Na entrevista que segue, concedida a jornalistas irlandeses, Yuri Bandazhevsky traçou um quadro da influência da radioatividade sobre sistemas e órgãos vitais no período de formação dos embriões, revelou as suas descobertas mais recentes e defendeu o uso dos produtos à base de pectinas de origem vegetal para mobilizar ou eliminar parcialmente o césio radioativo do organismo por via natural.

Sua brilhante carreira começou em Grodno. Por que veio a Gomel após a catástrofe da central atômica de Chernobyl? Que idade tinha então?
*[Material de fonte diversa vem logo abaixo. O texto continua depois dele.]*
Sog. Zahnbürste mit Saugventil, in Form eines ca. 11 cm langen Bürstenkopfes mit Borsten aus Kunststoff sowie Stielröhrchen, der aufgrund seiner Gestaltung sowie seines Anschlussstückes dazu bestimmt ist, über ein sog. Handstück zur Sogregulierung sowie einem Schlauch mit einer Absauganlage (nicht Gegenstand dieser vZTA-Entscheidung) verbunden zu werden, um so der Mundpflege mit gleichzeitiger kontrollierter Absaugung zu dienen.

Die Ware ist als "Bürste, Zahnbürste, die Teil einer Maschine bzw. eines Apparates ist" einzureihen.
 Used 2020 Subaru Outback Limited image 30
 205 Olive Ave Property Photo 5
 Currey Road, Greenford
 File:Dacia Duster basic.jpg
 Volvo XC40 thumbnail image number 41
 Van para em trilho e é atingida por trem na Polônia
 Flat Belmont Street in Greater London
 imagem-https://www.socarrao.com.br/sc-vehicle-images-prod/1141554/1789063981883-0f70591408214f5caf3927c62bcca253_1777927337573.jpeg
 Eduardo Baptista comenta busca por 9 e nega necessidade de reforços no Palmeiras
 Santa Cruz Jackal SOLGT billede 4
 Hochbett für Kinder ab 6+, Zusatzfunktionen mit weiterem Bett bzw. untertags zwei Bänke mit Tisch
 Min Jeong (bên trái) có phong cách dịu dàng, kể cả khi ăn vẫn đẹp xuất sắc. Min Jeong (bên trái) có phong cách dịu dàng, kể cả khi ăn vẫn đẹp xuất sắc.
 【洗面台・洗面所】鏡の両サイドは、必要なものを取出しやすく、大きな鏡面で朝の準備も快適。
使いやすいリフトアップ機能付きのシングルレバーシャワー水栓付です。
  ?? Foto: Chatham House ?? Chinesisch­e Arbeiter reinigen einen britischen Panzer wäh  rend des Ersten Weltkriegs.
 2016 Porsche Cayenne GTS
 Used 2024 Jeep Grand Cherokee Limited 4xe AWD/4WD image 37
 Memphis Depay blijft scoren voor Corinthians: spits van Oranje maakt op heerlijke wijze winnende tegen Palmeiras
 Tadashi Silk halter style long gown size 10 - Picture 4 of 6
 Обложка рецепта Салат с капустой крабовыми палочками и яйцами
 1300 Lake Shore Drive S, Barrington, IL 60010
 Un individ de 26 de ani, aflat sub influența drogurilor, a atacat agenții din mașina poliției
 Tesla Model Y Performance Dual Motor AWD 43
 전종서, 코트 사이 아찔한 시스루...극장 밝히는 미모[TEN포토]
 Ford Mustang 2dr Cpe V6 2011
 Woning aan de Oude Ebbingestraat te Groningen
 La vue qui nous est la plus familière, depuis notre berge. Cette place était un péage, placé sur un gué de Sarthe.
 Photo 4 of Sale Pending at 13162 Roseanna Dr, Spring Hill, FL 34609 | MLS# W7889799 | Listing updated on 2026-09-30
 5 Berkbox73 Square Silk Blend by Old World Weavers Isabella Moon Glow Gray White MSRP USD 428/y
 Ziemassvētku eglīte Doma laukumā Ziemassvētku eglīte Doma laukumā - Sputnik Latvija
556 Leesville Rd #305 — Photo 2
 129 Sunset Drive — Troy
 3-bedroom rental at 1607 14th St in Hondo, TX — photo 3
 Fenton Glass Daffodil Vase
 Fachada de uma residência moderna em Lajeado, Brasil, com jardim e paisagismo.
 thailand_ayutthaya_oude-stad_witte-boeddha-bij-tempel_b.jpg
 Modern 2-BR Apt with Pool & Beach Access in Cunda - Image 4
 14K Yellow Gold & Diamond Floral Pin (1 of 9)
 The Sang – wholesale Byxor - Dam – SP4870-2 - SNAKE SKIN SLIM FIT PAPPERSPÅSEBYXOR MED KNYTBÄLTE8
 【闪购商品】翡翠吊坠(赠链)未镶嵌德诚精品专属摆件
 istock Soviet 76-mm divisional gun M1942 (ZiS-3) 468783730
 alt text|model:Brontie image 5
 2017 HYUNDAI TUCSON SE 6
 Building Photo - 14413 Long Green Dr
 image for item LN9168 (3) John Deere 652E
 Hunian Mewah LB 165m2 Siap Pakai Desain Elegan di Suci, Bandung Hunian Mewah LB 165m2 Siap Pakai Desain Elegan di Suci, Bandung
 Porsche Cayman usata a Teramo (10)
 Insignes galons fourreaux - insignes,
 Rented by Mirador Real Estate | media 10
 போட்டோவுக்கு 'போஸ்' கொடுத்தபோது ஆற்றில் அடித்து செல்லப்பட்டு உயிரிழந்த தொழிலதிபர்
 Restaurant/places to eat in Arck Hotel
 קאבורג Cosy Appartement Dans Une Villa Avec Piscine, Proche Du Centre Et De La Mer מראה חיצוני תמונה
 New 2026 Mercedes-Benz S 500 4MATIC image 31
Yuri Bandazhevsky - Vivi minha infância na província de Grodno [Bielorrússia]. Tendo terminado ali meus estudos de medicina em 1980, fiz especialização em anatomia patológica e comecei a trabalhar no Laboratório central de pesquisa científica do mesmo instituto. Quando ainda era estudante, comecei a me ocupar ativamente com pesquisas científicas e a realizar numerosos experimentos com animais de laboratório, que eu mesmo criava em casa. O tema principal de minhas pesquisas era então o estudo da influência de diferentes fatores (físicos, químicos e biológicos) do meio ambiente sobre a gestação, o desenvolvimento embrionário e a formação dos diferentes órgãos e sistemas. Esse trabalho culminou na preparação da dissertação de mestrado que defendi com sucesso em 1983. Defendi o doutorado em 1987. No mesmo ano fui nomeado diretor do Laboratório central de pesquisa científica.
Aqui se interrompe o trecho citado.